Wherever the smoke rose above the tall beech-trees, wherever the ornamented porch of some lone cottage peeped through the copse, or the handsome entrance-gate proclaimed the well-to-do owner of some luxurious abode, Kellett would stop to tell who it was lived there, – the wealthy merchant, the affluent banker, the alderman or city dignitary, who had amassed his fortune by this or that pursuit. Through all his stories there ran the vein of depreciation, which the once landed proprietor cherished towards the men who were the “first of their name.” He was sure to remember some trait of their humble beginnings in life, – how this one had come up barefooted to Dublin fifty years before; how that had held horses in the street for hire. It was strange, but scarcely one escaped some commentary of this kind; not that there was a spark of ill-nature in the man, but that he experienced a species of self-consolation in thinking that in all his narrow fortune he had claims of kindred and connection which none of them could compete with. Beecher’s thoughts took, meanwhile, a different course; whenever not awakened to interest by some trait of their sharpness or cunning, to which he listened with avidity, he revelled in the idea of their wealth, as a thing of which they might be despoiled: “Wouldn’t that fellow take shares in some impossible speculation? – Couldn’t the other be induced to buy some thousand pounds’ worth of valueless scrip? – Would this one kindly permit himself to ‘be cleared out’ at hazard? – Might that one be persuaded to lose a round sum at écarté?”
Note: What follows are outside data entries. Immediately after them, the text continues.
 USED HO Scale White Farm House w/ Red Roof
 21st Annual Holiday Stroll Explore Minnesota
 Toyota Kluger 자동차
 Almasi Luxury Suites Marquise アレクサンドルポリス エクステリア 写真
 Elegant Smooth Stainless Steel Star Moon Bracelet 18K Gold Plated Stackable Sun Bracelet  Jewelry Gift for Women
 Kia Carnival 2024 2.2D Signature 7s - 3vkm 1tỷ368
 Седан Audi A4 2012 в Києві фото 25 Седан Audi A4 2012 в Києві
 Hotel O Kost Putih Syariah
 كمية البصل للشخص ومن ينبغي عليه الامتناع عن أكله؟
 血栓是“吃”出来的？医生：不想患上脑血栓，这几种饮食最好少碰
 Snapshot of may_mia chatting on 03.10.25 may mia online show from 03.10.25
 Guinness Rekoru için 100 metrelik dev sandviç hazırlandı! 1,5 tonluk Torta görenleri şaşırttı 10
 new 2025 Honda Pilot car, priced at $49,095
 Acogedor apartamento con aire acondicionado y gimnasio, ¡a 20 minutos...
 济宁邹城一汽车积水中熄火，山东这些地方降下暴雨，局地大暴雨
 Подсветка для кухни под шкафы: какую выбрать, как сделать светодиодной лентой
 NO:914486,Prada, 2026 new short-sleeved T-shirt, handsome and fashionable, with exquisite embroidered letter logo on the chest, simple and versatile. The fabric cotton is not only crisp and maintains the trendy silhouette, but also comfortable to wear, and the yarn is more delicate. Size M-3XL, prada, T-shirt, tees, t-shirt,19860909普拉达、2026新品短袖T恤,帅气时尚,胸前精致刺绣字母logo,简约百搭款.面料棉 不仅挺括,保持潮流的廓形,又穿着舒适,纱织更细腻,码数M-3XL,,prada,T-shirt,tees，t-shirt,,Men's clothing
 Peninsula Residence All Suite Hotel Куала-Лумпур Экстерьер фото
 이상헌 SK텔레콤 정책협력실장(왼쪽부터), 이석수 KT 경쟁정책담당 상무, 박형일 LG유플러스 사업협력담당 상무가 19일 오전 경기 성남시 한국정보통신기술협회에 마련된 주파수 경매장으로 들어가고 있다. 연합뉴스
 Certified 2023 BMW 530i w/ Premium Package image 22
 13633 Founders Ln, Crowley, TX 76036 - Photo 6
And thus did they view life, with widely different sympathies, it is true, but yet in a spirit that made them companionable to each other. One “grew his facts,” like raw material which the other manufactured into those curious wares by which he amused his fancy. Poverty is a stronger bond than many believe it; when men begin to confess it to each other, they take something very like an oath of fidelity.
“By the way,” said Beecher, as he bade his friend good night, “you told me you knew Dunn – Davenport Dunn?”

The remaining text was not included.